Investigação sobre desvio de verbas de wi-fi em São Paulo envolve produtora de filme sobre Bolsonaro - Informações e Detalhes
A Polícia Civil de São Paulo iniciou uma investigação para verificar se recursos públicos destinados à instalação de wi-fi gratuito na cidade foram desviados para financiar o filme "Dark Horse", que retrata a vida do ex-presidente Jair Bolsonaro.
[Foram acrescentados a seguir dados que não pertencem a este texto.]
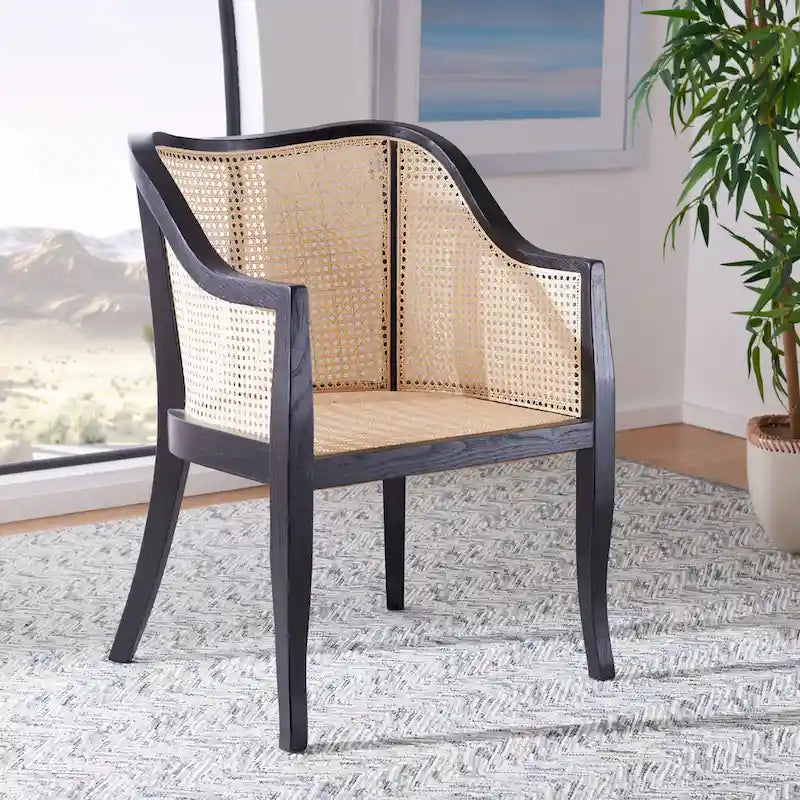Cane Dining Chair 23.6"W x 23.8"D x 32.7"H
A produtora responsável pelo longa, a Go Up Entertainment, é de propriedade de Karina Ferreira da Gama, que também dirige o Instituto Conhecer Brasil, contratado para implementar o programa de internet gratuita.
A operação, batizada de Operação Wi-Fi, teve início na última segunda-feira, quando mandados de busca e apreensão foram cumpridos em diversos endereços relacionados a Karina e em locais vinculados ao instituto e à produtora. A investigação busca esclarecer se houve superfaturamento e confusão patrimonial em relação aos contratos firmados para a instalação de 5 mil pontos de wi-fi em vias públicas da capital paulista.
Documentos obtidos pela Polícia Civil indicam que existem suspeitas de que os recursos do programa "WiFi Live SP" foram utilizados para cobrir custos do filme. O delegado Antonio Carlos Munuera Silveira, que conduz a investigação, registrou no pedido de quebra de sigilo bancário que há indícios de que contas de empresas subcontratadas e outras organizações geridas por Karina teriam sido utilizadas para a lavagem de valores desviados do erário.
A Go Up Entertainment, produtora de Karina, está na mira das investigações, especialmente pela proximidade da empresária com o deputado federal Mário Frias, que é também roteirista do filme. As conversas entre Frias e o senador Flávio Bolsonaro levantaram questões sobre o patrocínio do filme e a forma como os recursos estão sendo geridos.
Um dos pontos críticos levantados pela investigação é a discrepância nos valores cobrados pelo Instituto Conhecer Brasil em comparação com a empresa pública de tecnologia Prodam. Enquanto a Prodam cobra R$ 230 por ponto implantado e R$ 306 para manutenção mensal, o ICB solicitou R$ 1.800 por ponto, evidenciando o que poderia ser um superfaturamento significativo.
Além disso, a Polícia Civil destacou a antecipação de um repasse de R$ 26 milhões por parte da Prefeitura de São Paulo para serviços que ainda não foram realizados, o que pode indicar um desvio de finalidade no uso do dinheiro público. A gestão municipal foi notificada em março para fornecer documentos relacionados ao contrato, mas não apresentou as informações no prazo estipulado.
A Prefeitura de São Paulo, por meio de nota, afirmou que todos os materiais requisitados já haviam sido disponibilizados e que são de acesso público. O prefeito Ricardo Nunes (MDB) também garantiu que a administração municipal está colaborando com as investigações e que, até o momento, não foram identificadas irregularidades no contrato com o instituto.
Desta forma, a investigação em curso sobre o uso de recursos públicos em São Paulo revela a necessidade urgente de transparência nas contratações governamentais. A relação entre a produtora de um filme e a gestão de um programa de wi-fi gratuito levanta questões sérias sobre a aplicação do dinheiro do contribuinte.
É fundamental que as autoridades públicas se empenhem em esclarecer todas as circunstâncias que envolvem o contrato. A confiança da população nas instituições depende da veracidade das informações e do comprometimento em seguir as normativas legais.
Além disso, a situação evidencia a importância de um controle mais rigoroso sobre como os recursos são alocados e gastos. A sociedade merece saber se os projetos estão realmente atendendo suas necessidades, ou se servem apenas para beneficiar interesses particulares.
Por fim, a possibilidade de que verbas públicas tenham sido desviadas para um projeto cinematográfico é alarmante. Assim, é essencial que a investigação prossiga sem interrupções, garantindo que a verdade prevaleça e que, caso haja envolvimento de pessoas em irregularidades, a responsabilização aconteça.